Birth of an Alphabetician

Like his body of work, Chank Diesel’s career is the product of organic development. While studying fine art at Macalester College, he began experimenting with type in his role as the creative director for the music magazine Cake. The loose, dirty look of grunge music culture became the signature design style of the early ’90s, something Chank helped pioneer through typefaces tailor-made for the music posters and CDs of the era. Inspired by requests from admiring designers, Chank used the magazine as a showcase and marketing vehicle for his new fonts. With some 20 typefaces to his credit, Chank pitched his wares to the record labels he met through the magazine. He filled orders via floppy disk.

The work was idiosyncratic from the start. Mister Frisky, Chank’s first font and still his most popular, is a jaunty, off-kilter tangle of handdrawn forms, equal parts wacky and spooky. (The font has found its way onto Barbie merchandise, countless Halloween promotions, and Taco Bell wrappers, most notably). The Crusti and Hoosker font families, designed in 1993 and widely copied, are full of distressed, smudgy letterforms created by repeated Xeroxing, a scrappy rebuke to the perfection of classic type.

In 1997, with the price of paper skyrocketing, publishing Cake became impractical. Then technology intervened. On the Internet, “you could take your product and show the whole world,” explains Chank. “Make a font once and sell it as many times as you can.” With the launch of Chank.com, he settled into the business and became a typographic institution.

The Font Factory

Twelve years later, Chank Co is a small, independent affair. Chank makes and sells fonts from his home in Northeast Minneapolis with his business manager/spouse. He’s grateful for his enviable run of self-employment. “It’s amazing what a person can create alone. You have a good idea, you put it out there and people help you make it happen.”

Designing type is not a small undertaking. Chank’s free fonts are comprised of 256 individually rendered characters, but that’s just the tip of the alphabet.
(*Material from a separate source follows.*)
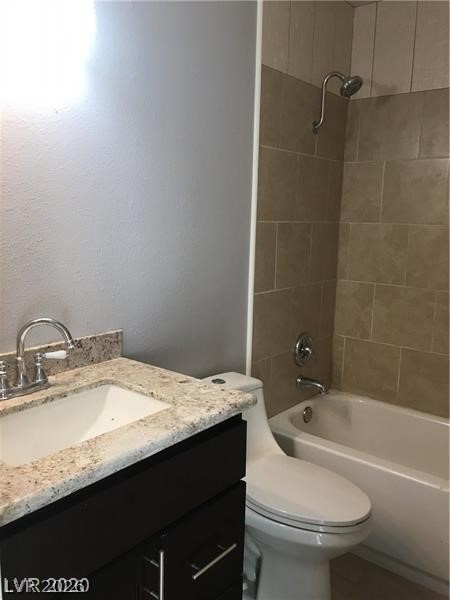 Photo 6 of 16, 4622 Tracylynn Lane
Fonts for global companies can involve the creation of over 1,000 characters, marks and symbols for a single typeface (thanks largely to the languages of Central and Eastern Europe). Multiply that by 20 weights or more to round out a complete “family.”

On the Internet, “you could take your product and show the whole world,” explains Chank. “Make a font once and sell it as many times as you can.”

The Chank Co library includes over 300 complete sets, from exuberant display fonts to versatile and understated faces like Adrianna, which includes 30 weights from Light to Extra Bold Italic. Creating a family like Adrianna is a long, meticulous, and repetitive process. Such a painstaking endeavor, at first, seems at odds with the spontaneity Chank brings to his work; but an openness to outside input and collaboration, he says, keeps the job fresh.

By the People, For the People

“My main directive has always been listening. Once you’re out there, people write in with ideas and ask for things.” Capitalizing on the best ideas that come his way (and tireless efforts to expose new audiences to his work) has fueled Chank’s success. Regular requests to create fonts out of somebody’s handwriting led Chank to launch Go Font Yourself in 2006. For $200, your penmanship is immortalized by a renowned type designer, and Chank keeps the rights to use the resulting font as he likes. “I wanted to see a more human element in design,” says Chank. “With my handwriting fonts, it’s magical how something dirty and organic can be used in the computer, how it becomes a tool you keep using.”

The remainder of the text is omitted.